Я отчетливо слышала доносившийся из студии голос Мин. Похоже, она была сильно навеселе. Сверху, держа саквояж моей матушки, спустился Питер. За ним с усталым и томным видом следовал Джорджио. Через пару минут к ним присоединилась моя мать.
— Диана, вот ты где! Я возвращаюсь в Лондон. Конечно, тут просто очаровательно, но когда-то ведь надо же выспаться, верно? Какое у тебя мрачное лицо! Нельзя же так, дорогая моя! От твоего вида даже молоко и то скиснет!
Я накинула плащ, влезла в резиновые сапоги, кликнула Хэм и вышла помахать Питеру на прощание. Гром уже громыхал не переставая. Низко нависшие над землей тучи отливали нездоровой желтизной, а дождик успел превратиться в настоящий ливень. Мать уселась впереди рядом с Джорджио. Питер, забравшись на заднее сиденье, махал мне рукой и посылал воздушные поцелуи, пока машина не скрылась за сплошной серой завесой дождя.

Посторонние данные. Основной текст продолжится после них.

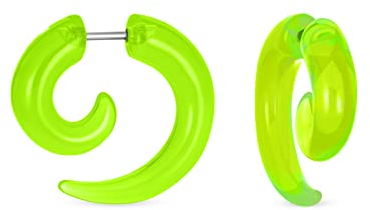 Unisex Durchsichtige Neon Grüne Große Runde Wirbel Spiral Tribal Fake Faux Ohrstecker Taper Ohrringe Aus Acrylharz Und Chirurgischem Stahl Für Frauen Männer Teenager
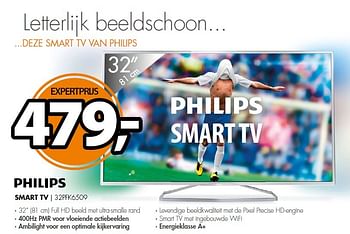 Aanbiedingen Philips smart tv 32pfk6509 - Philips - Geldig van 06/04/2015 tot 13/04/2015 bij Expert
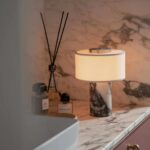 Marble Luxury Stone Rechargeable Touch Table Lamp, Cylindrical Shape, Linen Clot... - Image 5
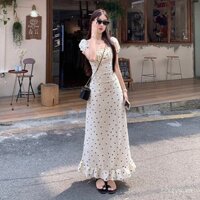 [Sản phẩm mới bùng nổ] Đầm chấm bi tay áo nhỏ kiểu Pháp nghỉ giải lao, váy dài chữ a thắt eo cao cấp khí chất mới 2024 mùa hè cho nữ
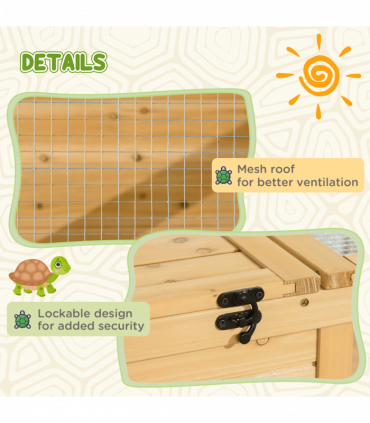 PawHut Tortoise House w/ Mesh Roof, Small Pet Reptile Wooden House - Yellow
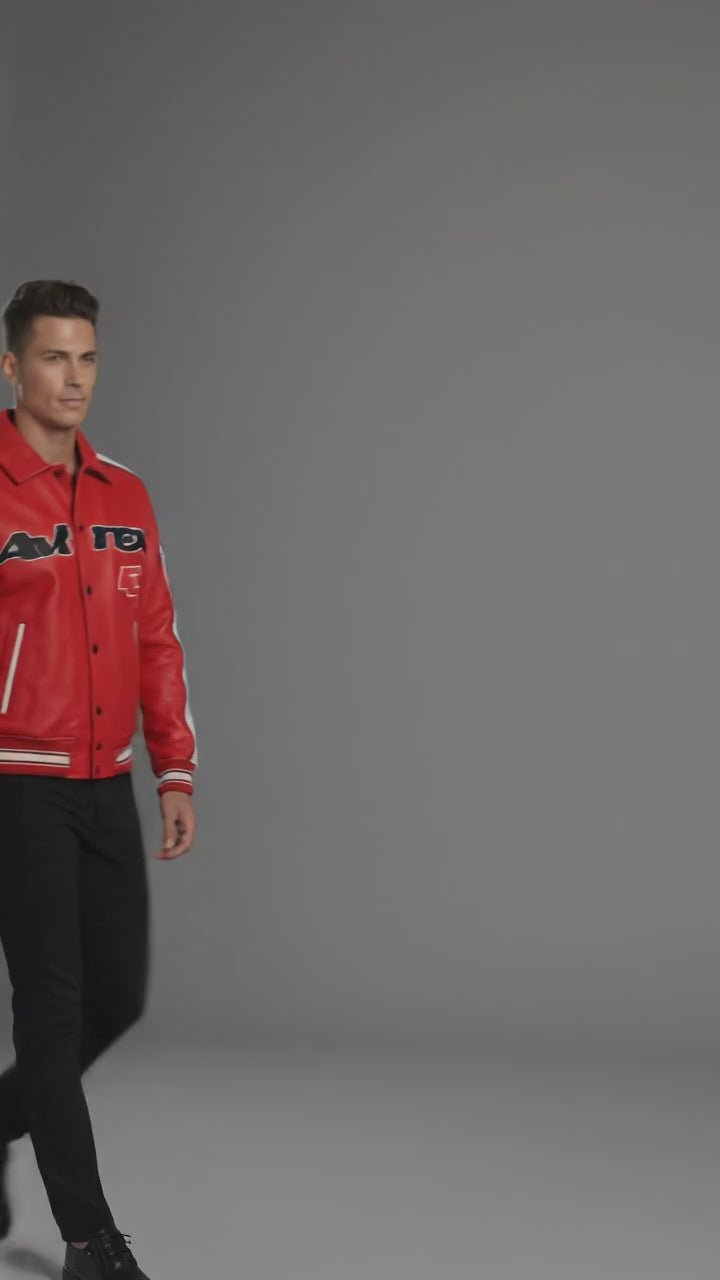Klassische Motorradjacke aus Leder für Herren – Orange & Creme mit Kontrasteinsätzen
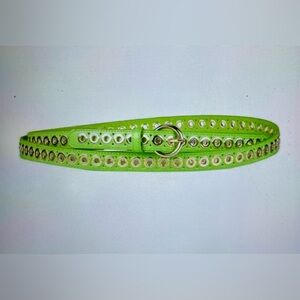 NWT Sandro Paris Green Leather Belt Gold Eyelets Accent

Не успели они уехать, как перед домом, взвизгнув тормозами, остановилась полицейская машина. Интересно, как им удалось разъехаться в воротах, подумала я. Я незаметно завернула за угол дома и направилась к озеру. Мне хотелось попрощаться с садом.
В серовато-синих сумерках гладь озера отливала металлическим блеском, словно шагреневая кожа. Заметив в окне два детских лица, я помахала им рукой. Вскоре волосы у меня промокли, но я решила, что это не страшно. Лебеди величаво покачивались вдалеке, там, где высокие камыши качали своими темными головками, похожими на острия копий.
Огороженный стеной садик трудно было узнать. Джордж Прайк наконец закончил возиться с перголой, и сейчас все вертикальные стойки уже стояли. Я вздохнула, подумав, как здорово было бы увидеть ее во всем блеске, увитую розами и душистым горошком. Вдоль дорожек и в междурядье мы посыпали все новым гравием, и я представила, как тут будет красиво, когда зацветет лаванда и в воздухе будет стоять аромат мяты.
Вернувшись в оранжерею, я подтащила поближе к печке ветхий стул Джорджа и села. Вдруг из глаз моих ручьем хлынули слезы. Не знаю, долго ли я плакала… наверное, долго. Перестала я, только когда почувствовала, что совсем обессилела. Похоже, это постепенно входит у меня в привычку, уныло подумала я.
Вытерев щеки, я встала, решив проверить рассаду. На первый взгляд все было в порядке, только земля немного подсохла. Решив, что неплохо бы ее полить, я взялась за лейку, и тут у меня за спиной хлопнула дверь. Я застыла, не в силах заставить себя обернуться. Через минуту чьи-то руки обхватили меня за талию. Он притянул меня к себе, и я молча уткнулась носом в щеку Роберта.
— Мне пора ехать, — шепнул он. — Я пообещал Френсис Бенсон приехать в Хэмпсток к обеду. Мои вещи уже в машине.
Я только молча кивнула головой. Говорить не было сил.
— Оттуда я двинусь прямо в Кембридж. Когда ты вернешься, я уже буду ждать тебя. Сходим куда-нибудь выпить по рюмочке, хорошо? — В голосе Роберта была такая нежность, что у меня внутри все перевернулось. — Может быть, даже пообедаем. Наверняка ты устанешь после дороги. А потом займемся любовью…
— Что?! Ты сошел с ума!
— Возможно, — с каким-то даже вызовом в голосе продолжал Роберт, словно стараясь убедить самого себя. — Ну и пусть! Неужели нельзя хоть раз в жизни сделать что-то просто потому, что хочется? Последовать велению сердца? Похоже, все вокруг живут, как им нравится. А я слишком труслив… или ленив для того, чтобы поступать так же.
— Да при чем тут трусость, господи! Надо же отличать трусость от простой порядочности! Нельзя причинять людям боль — вот это и есть порядочность! И называй это как угодно — Божьими заповедями или добропорядочным поведением, суть все равно не изменится. И неужели удовлетворить свои сексуальные потребности важнее, чем жить с чистой совестью?!